TASK DETAILS – Here is the task for the listing below: output exactly the lines from the one containing "product-Size Matters - Mascara_01" through the one containing "Advantech SKY-MXM-R3000-6HHA", and leave out the pictures.

◇ ◇ ◇ ◇ ◇

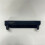 DOBE Cooling Fans USB External Host Cooler Temperature Controlled Fan for PS4 Slim Gaming Console 3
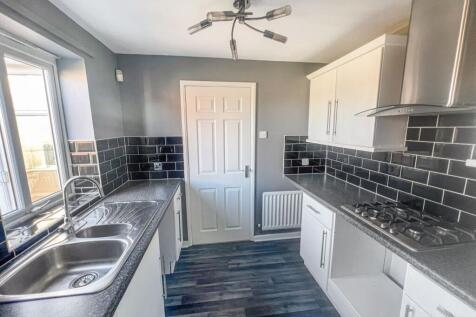 4 Aden Court, Bearpark, Durham, DH7 7TH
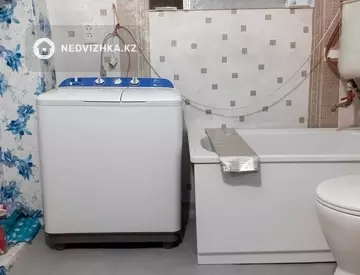 3-комнатный дом, 23 соток, 61 м², миниатюра 8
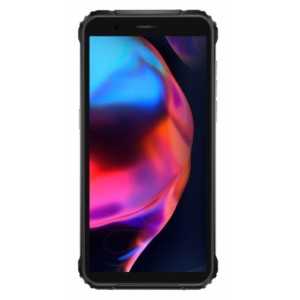 MOBILE PHONE BV5100/BLACK BLACKVIEW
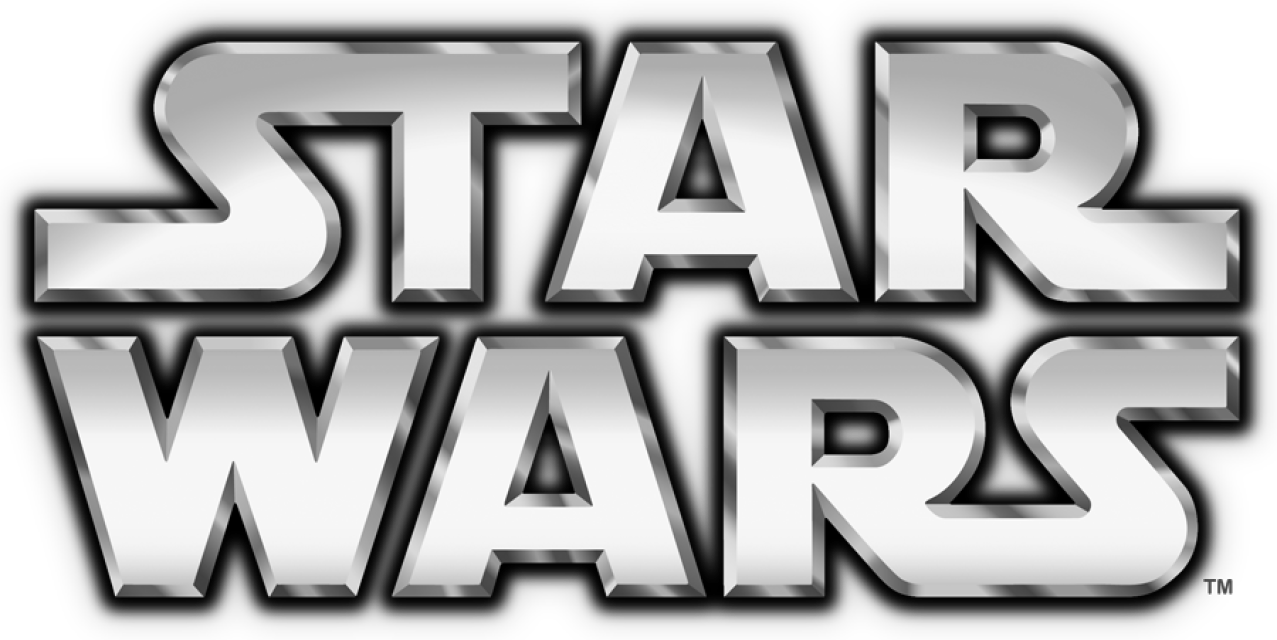Stickers de Star Wars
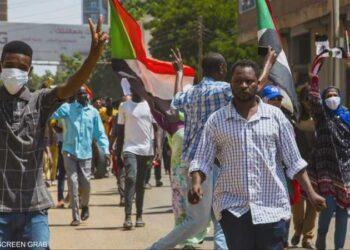 إعلان نيروبي.. “خريطة مدنية” لإنهاء حرب السودان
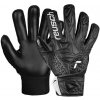 Rukavice Reusch Attrakt Starter Solid Finger Support Jr 54 72 511 7700 4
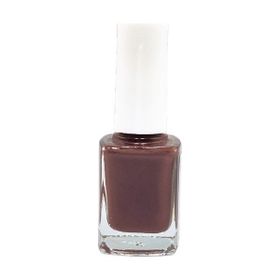 Pazarız Oje No 110 + 269 11 ml Quick Dry Extra Shine Redesign Oje Kurutucu Cila Kozmetik Seti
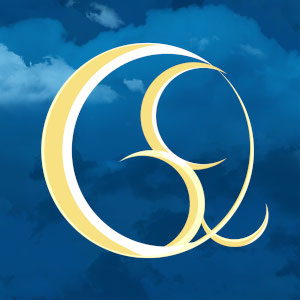 SQLuna Music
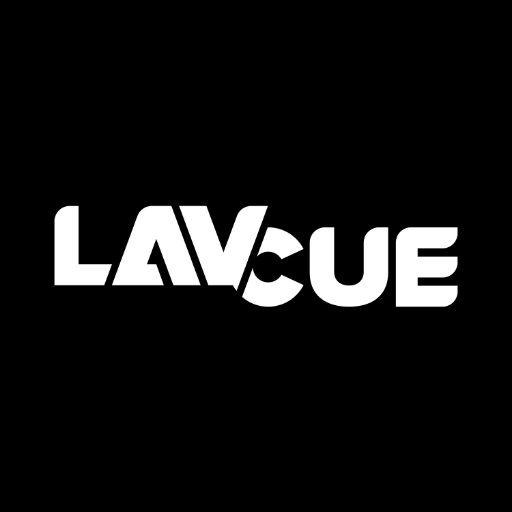 I'm LAV CUE (Dj & Sound Producer)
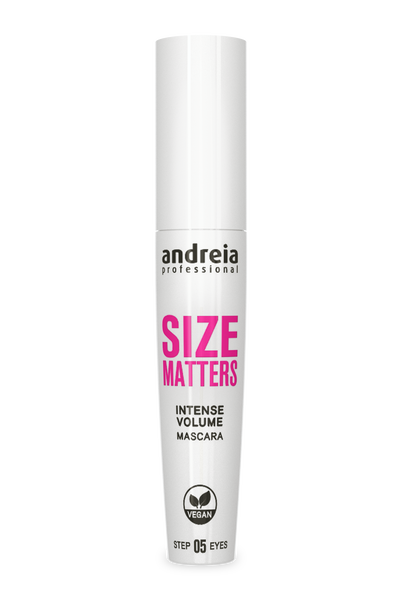 product-Size Matters - Mascara_01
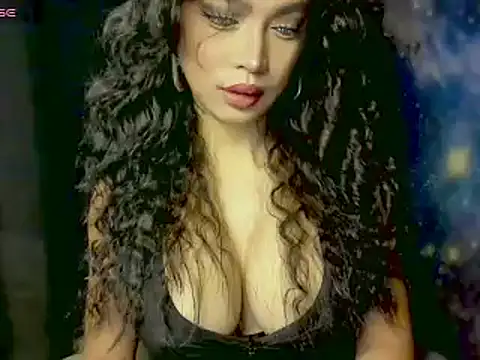 Salsalita_Longcock – Kamerová šou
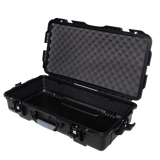 Waterproof Case; 26.9" X 13" X 6.2"
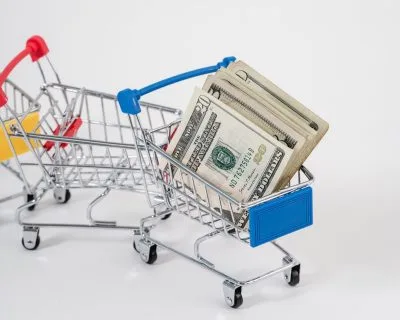Bogart_Inflation_Pexels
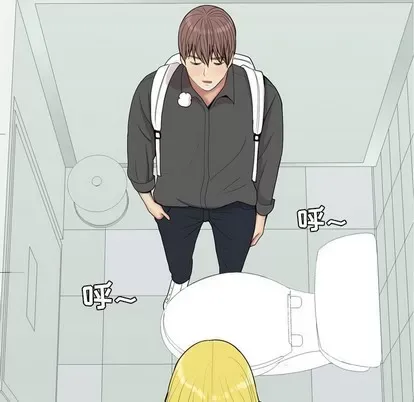 Prelude to Love: Return Chương 1-65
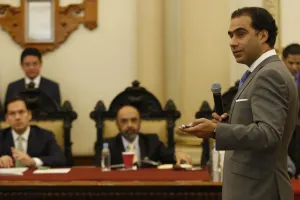 Al menos 500 empleos generaría la llegada de 5 empresas a la capital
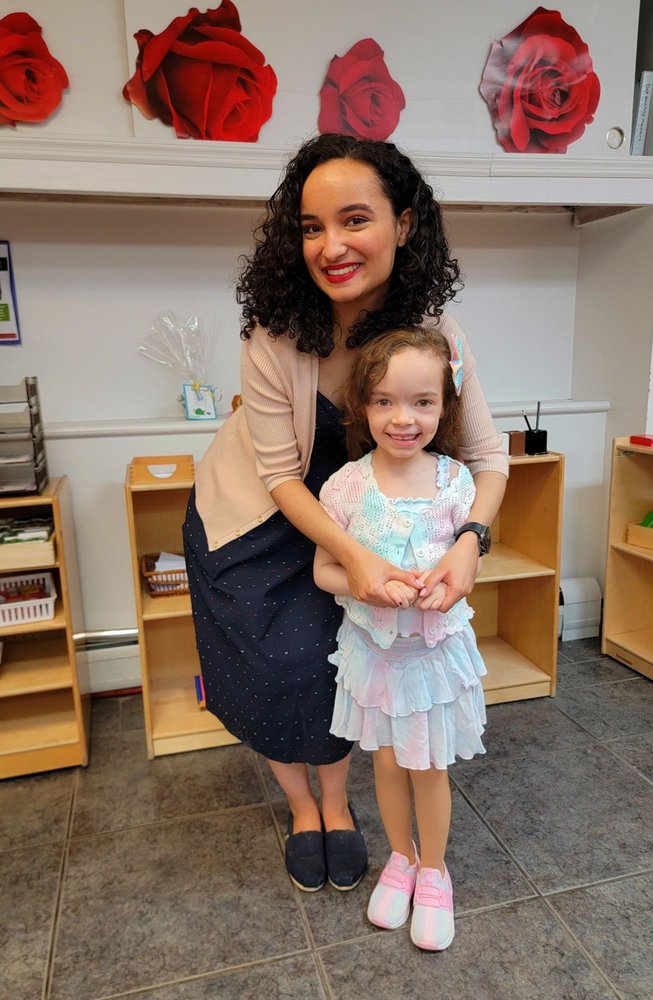 APPLE MONTESSORI SCHOOLS & CAMPS EDGEWATER 37 Photos & 21 Reviews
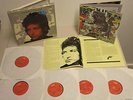 BOB DYLAN - BIOGRAPH   (5 ALBUM SET) 12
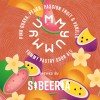 Sibeeria Yummy Pastry Sour Ale logo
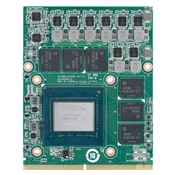 Advantech SKY-MXM-R3000-6HHA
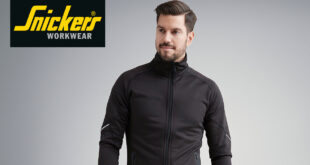 2021 Baselayers crop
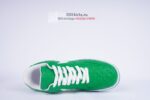Louis Vuitton Nike Air Force 1 Low By Virgil Abloh Green - Image 7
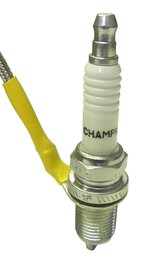 CHT Sensor Cylinder Head Temperature Probe_Ring Terminal Washer_Spark Plug-min.jpg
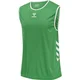 Hummel Majica brez rokavov CORE XK BASKET JERSEY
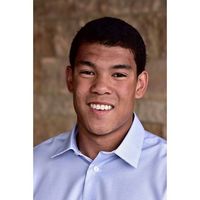 Photos de Joshua Bank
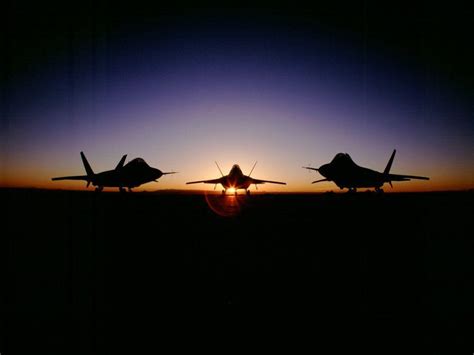 Air Force Wallpapers - Wallpaper Cave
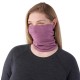 US THERMAL Merino Reversible Neck Gaiter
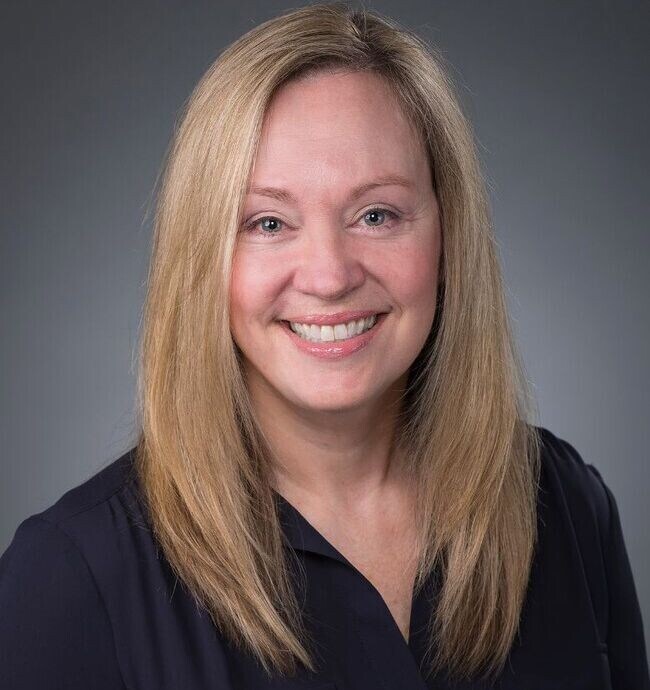Deborah Cleminson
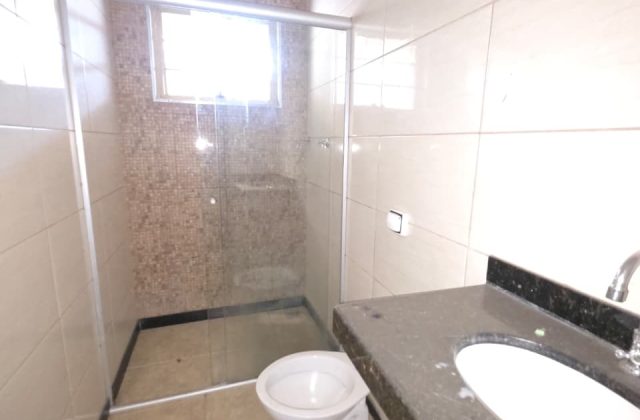 8b8c90bb-fde2-448d-842c-f7cc863fe088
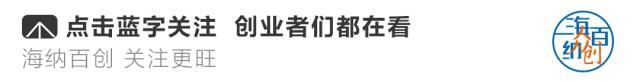 丝袜足交福利网址视频 最终决定创业成败的是，创业成败取决于？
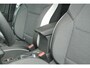 Renault Captur 1.0 TCe 90 techno | 360 Camera | Carplay/Android Auto | 18" Velgen |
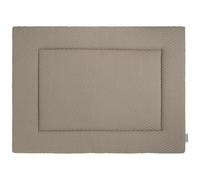 Tapis de jeu Grace Beige (75 x 95 cm)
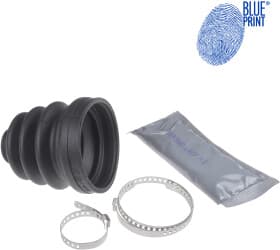 Пильовик гранати Пильовик гранати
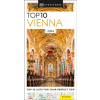 Top 10 Vienna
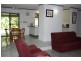11 Betelgeuse Court, Woodroffe NT 0830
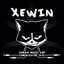 Simple Music for Complicated Cats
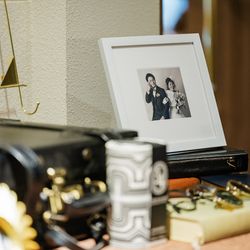 横浜迎賓館の写真1枚目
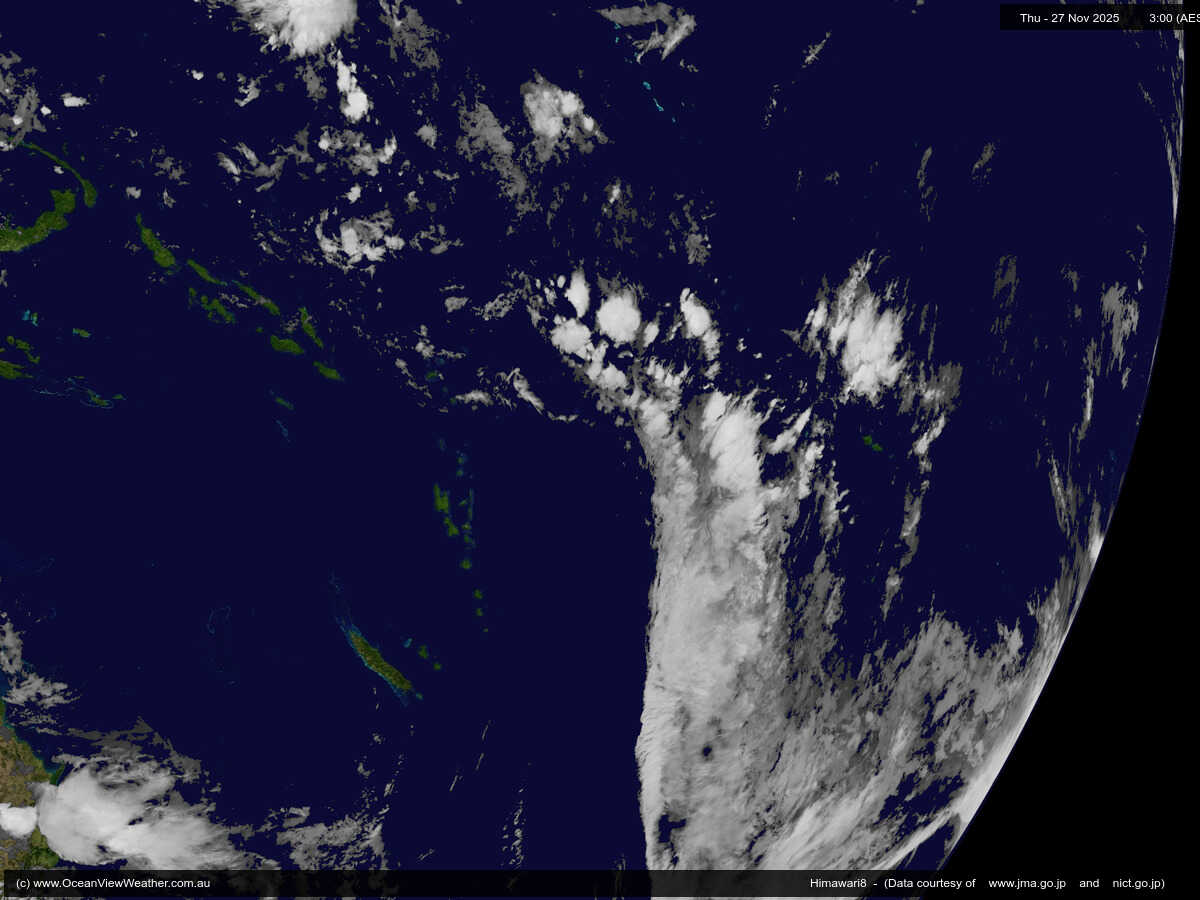 Central Pacific27-11-2025-0304.jpg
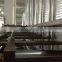 shanghai Auto plastic cup filling sealing machine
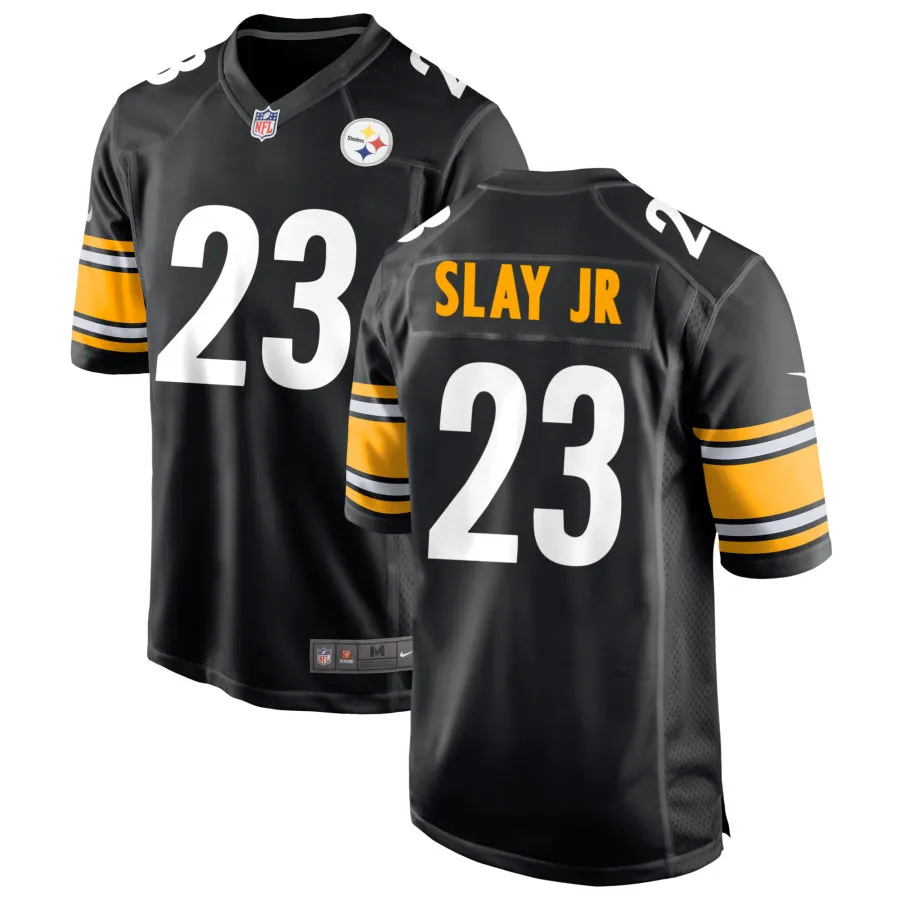 mens-pittsburgh-steelers-23-darius-slay-jr-black-vapor-f-u-s-e-limited-jersey-1785179200_0.webp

◇ ◇ ◇ ◇ ◇

RESULT OF THE EXERCISE –
 product-Size Matters - Mascara_01
 Salsalita_Longcock – Kamerová šou
 Waterproof Case; 26.9" X 13" X 6.2"
Bogart_Inflation_Pexels
 Prelude to Love: Return Chương 1-65
 Al menos 500 empleos generaría la llegada de 5 empresas a la capital
 APPLE MONTESSORI SCHOOLS & CAMPS EDGEWATER 37 Photos & 21 Reviews
 BOB DYLAN - BIOGRAPH   (5 ALBUM SET) 12
 Sibeeria Yummy Pastry Sour Ale logo
 Advantech SKY-MXM-R3000-6HHA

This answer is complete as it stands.